The Alabama Preterm Birth Study: Umbilical Cord Blood Ureaplasma urealyticum and Mycoplasma hominis Cultures in Very Preterm Newborns

Robert L GOLDENBERG 1, William W ANDREWS 2, Alice R GOEPFERT 2, Ona FAYE-PETERSEN 3, Suzanne P CLIVER 2, Waldemar A CARLO 4, John C HAUTH 2
PMCID: PMC2278008  NIHMSID: NIHMS37343  PMID: 18166302

Abstract

Objective

To evaluate the frequency of umbilical cord blood infections with Ureaplasma urealyticum and Mycoplasma hominis in preterm 23 to 32 week births and to determine their association with various obstetric conditions, markers of placental inflammation, and newborn outcomes.

Study Design

351 mother/infant dyads with deliveries between 23 and 32 weeks gestational age (GA) who had cord blood cultures for Ureaplasma urealyticum and Mycoplasma hominis had their medical records abstracted, other placental cultures performed, cord IL-6 levels determined, placentas evaluated histologically, and infant outcomes determined.

Results

Ureaplasma urealyticum and/or Mycoplasma hominis were present in 23% of cord blood cultures. Positive cultures were more common in infants of nonwhite women (27.9 vs 16.8%, p = 0.016), in women less than 20 years of age, in those undergoing a spontaneous compared to an indicated preterm delivery (34.7 vs 3.2%, p = 0.0001), and in those delivering at earlier gestational ages.

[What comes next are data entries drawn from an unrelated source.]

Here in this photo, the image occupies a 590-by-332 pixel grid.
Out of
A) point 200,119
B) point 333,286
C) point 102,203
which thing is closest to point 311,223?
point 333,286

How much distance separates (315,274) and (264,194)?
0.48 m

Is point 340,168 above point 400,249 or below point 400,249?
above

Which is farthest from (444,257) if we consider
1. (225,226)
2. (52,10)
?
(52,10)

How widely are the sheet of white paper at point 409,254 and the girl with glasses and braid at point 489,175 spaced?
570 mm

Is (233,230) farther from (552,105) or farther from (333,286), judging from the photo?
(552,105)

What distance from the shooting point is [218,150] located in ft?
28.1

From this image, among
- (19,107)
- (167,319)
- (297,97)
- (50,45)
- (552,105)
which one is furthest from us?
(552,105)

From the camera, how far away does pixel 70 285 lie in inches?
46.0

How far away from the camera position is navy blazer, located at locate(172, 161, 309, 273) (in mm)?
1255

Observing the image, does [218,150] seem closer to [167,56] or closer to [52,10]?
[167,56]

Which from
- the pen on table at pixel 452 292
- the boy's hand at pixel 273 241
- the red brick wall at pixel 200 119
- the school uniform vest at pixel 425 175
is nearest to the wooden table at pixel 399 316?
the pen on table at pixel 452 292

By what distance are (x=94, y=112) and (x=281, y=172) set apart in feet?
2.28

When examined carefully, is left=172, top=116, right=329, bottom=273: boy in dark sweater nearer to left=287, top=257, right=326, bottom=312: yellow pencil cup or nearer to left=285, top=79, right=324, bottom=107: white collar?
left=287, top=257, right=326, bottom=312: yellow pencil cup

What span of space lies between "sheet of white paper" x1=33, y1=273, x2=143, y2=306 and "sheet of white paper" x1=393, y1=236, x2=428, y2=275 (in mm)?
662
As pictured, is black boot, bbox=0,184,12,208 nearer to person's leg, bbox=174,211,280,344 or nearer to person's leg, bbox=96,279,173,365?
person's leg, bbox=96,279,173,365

Intrauterine infection and inflammation were more common among infants with a positive Ureaplasma urealyticum and Mycoplasma hominis culture as evidenced by placental cultures for these and other bacteria, elevated cord blood IL-6 levels, and placental histology. Infants with positive cord blood Ureaplasma urealyticum and Mycoplasma hominis cultures were more likely to have neonatal SIRS (41.3 vs 25.7%, p = 0.007, AOR 1.86, 1.08 – 3.21) and probably BPD (26.8 vs 10.1%, p = 0.0001, AOR 1.99, 0.91 – 4.37), but were not significantly different for other neonatal outcomes including RDS, IVH or death.

Conclusion

Ureaplasma urealyticum and Mycoplasma hominis cord blood infections are far more common in spontaneous versus indicated preterm deliveries and are strongly associated with markers of acute placental inflammation. Positive cultures are associated with neonatal systemic inflammatory response syndrome and probably bronchopulmonary dysplasia.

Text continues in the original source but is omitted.